Contributing to open source software does not begin and end with writing code. There is a collaborative process between contributors to ensure that the software and its codebase evolve in a satisfactory direction. Participating in this process is rewarding because contributors accomplish together much more than they could in isolation, both due to the division of labor and due to peer review of contributions.
Engaging in the collaborative process also has costs. For the Bitcoin Core development process specifically, contributions are peer reviewed by a number of volunteers before being merged. This means that your contribution, in the form of a pull request, must attract the time and attention of reviewers. The simplest way to get a review is reciprocity: you carefully review a few pull requests, and their authors will generally return the favor. That said, your pull request can attract reviewers on its own merits as well, with a description indicating an attractive level of engineering quality or ingenuity.
A reviewer may "NACK" a pull request without having read one line of code, because the description of the pull request itself indicates irremediable conceptual problems. If a reviewer is interested in your pull request, they will read through your code and leave comments. Optionally they will compile your code and test its functionality.
After a reviewer has provided their conceptual and code feedback on the pull request, you respond by either updating the code in your pull request or providing justifications. If the reviewer is satisfied with your responses then they "ACK" your pull request.
During the process of review, other pull requests are likely to get merged in. If the changes in these pull requests overlap with your own, your pull request goes from being "mergeable" to "conflicting". You as the author must manually reconcile the differences and reviewers check to see that the reconciling changes are appropriate.
When the maintainers of the project are satisfied that an appropriate number of reviews have resulted in ACKs, they merge the pull request.
There are a few points of friction in this process which I decided could best be addressed with an improved list of pull requests. Here is a screenshot of the default GitHub list of pull requests:
While this view does give a lot of information, it is not comprehensive. For example, it does not display whether pull requests are mergeable or conflicting. Additionally, it is not customized to reflect information generated by the Bitcoin Core development process. We have the number of comments, but no summary of who has ACKed the pull request.
This lack of visibility means that authors, reviewers, and maintainers have to click into each pull request and skim the comments to understand the status of the pull request. This would be manageable for a dozen open pull requests, but there are currently 265 open pull requests. Lack of visibility reduces the productivity of everyone involved.
BitcoinACKs.com increases visibility by querying GitHub's API for pull requests and their comments, parsing those comments, and displaying the information in a visually useful manner. Here is a screenshot of the BitcoinACKs.com list of pull requests:
There are additional product ideas I would like to implement in future versions, which I've listed here.

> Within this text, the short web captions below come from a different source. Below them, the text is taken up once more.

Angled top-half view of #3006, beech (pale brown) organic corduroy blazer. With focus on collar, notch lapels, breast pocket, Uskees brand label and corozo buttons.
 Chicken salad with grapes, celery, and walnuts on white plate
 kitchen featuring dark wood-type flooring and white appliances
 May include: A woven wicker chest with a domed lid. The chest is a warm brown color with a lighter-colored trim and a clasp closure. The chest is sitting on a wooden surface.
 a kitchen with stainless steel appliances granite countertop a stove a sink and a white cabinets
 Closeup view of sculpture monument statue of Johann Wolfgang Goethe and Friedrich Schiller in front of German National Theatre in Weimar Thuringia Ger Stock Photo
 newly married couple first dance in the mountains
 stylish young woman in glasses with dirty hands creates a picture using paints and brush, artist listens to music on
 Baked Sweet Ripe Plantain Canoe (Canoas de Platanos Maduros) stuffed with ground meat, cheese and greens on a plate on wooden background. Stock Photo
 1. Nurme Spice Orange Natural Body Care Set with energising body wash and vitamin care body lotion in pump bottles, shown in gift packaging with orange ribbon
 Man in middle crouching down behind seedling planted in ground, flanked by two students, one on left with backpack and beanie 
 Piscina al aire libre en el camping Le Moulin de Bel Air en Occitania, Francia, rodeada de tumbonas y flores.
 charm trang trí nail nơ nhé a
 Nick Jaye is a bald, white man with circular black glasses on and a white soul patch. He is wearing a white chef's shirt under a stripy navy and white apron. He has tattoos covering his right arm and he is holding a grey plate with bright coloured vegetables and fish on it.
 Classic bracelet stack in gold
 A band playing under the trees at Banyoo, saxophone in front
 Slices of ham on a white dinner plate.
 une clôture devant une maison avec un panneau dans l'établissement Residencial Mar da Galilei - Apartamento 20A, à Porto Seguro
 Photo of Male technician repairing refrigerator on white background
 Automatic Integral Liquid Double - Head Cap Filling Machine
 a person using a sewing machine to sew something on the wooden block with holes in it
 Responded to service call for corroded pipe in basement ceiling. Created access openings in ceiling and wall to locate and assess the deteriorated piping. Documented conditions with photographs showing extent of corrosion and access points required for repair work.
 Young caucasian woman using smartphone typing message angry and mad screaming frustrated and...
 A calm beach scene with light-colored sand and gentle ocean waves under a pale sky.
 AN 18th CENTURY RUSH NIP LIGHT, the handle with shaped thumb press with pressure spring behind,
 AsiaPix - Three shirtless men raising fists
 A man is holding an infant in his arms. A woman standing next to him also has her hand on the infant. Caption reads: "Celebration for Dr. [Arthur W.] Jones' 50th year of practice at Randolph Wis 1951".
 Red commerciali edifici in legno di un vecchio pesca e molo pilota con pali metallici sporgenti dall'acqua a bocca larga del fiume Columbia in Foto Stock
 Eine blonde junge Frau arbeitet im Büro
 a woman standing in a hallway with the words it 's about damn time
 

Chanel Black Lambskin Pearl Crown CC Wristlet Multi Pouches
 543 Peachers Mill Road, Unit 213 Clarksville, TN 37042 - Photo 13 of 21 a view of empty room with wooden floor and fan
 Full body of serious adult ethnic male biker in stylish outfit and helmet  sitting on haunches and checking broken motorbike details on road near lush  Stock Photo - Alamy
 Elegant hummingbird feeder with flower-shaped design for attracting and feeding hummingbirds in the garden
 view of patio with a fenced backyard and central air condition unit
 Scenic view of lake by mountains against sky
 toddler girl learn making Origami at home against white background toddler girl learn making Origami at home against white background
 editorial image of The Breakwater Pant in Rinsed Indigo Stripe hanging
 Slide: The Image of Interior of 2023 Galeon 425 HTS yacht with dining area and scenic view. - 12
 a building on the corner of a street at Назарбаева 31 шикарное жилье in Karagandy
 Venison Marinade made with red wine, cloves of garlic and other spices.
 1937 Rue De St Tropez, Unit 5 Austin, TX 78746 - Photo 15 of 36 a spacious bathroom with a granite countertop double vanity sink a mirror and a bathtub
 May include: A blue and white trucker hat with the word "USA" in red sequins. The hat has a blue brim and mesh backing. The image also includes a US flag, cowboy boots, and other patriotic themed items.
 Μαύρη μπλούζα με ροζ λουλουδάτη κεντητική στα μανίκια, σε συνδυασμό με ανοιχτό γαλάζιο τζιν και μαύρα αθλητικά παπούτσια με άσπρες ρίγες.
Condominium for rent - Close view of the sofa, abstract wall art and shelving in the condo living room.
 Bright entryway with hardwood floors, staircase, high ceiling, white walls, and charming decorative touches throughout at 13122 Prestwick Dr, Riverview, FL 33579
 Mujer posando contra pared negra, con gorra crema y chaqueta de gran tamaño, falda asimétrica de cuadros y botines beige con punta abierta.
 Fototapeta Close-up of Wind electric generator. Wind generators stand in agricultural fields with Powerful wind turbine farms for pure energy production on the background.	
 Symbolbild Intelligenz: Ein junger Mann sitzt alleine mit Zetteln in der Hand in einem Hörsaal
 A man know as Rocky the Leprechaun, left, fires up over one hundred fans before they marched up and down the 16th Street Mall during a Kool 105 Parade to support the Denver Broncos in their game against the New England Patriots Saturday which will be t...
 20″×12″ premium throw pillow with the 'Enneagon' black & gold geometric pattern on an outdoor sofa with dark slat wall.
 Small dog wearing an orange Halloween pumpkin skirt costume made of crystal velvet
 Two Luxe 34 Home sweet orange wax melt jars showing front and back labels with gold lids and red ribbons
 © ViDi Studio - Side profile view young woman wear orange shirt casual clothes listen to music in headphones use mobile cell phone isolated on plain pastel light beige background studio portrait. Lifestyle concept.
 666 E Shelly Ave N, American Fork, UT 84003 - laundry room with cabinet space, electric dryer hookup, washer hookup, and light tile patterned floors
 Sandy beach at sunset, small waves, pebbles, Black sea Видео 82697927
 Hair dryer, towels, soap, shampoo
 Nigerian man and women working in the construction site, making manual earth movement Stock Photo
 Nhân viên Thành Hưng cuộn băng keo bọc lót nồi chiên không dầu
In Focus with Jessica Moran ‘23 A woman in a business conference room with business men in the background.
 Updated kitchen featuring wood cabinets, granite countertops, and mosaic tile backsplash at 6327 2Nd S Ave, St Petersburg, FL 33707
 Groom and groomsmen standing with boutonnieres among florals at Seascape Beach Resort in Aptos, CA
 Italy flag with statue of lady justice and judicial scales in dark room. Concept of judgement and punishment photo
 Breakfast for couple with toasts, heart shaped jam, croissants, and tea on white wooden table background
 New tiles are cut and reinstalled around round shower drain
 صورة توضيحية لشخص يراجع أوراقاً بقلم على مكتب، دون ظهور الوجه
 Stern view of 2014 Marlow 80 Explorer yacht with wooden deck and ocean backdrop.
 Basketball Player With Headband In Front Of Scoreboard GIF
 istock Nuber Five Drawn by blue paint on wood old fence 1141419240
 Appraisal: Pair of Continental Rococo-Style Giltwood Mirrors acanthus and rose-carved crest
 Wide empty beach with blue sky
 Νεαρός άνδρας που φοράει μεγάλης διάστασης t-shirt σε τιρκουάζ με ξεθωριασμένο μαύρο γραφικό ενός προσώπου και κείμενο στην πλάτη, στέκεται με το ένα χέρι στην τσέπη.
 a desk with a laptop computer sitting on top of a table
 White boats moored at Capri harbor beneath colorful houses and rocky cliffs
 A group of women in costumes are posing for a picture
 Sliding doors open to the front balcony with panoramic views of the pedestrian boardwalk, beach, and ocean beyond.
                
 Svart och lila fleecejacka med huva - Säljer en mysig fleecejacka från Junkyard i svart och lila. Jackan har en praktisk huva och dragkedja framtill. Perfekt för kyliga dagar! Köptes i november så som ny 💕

The main outcome I'm hoping to see with BitcoinACKs.com is fewer pull requests languishing in the backlog. Volunteers can't be "told" what to review and when, but if the cost of identifying targets for review is lowered, we can expect to see more reviews being produced. Likewise, if maintainers can easily identify pull requests that are ready to be merged, then authors do not need to remember to ask for a merge. Lastly, BitcoinACKs.com has search, sort, and filter features which allow contributors to explore historical pull requests as well as open ones. Better tooling is not a panacea, and there's no substitute for thoughtful engineering, but improvements at the margin can help an open source project maintain quality while steadily increasing the number of contributors.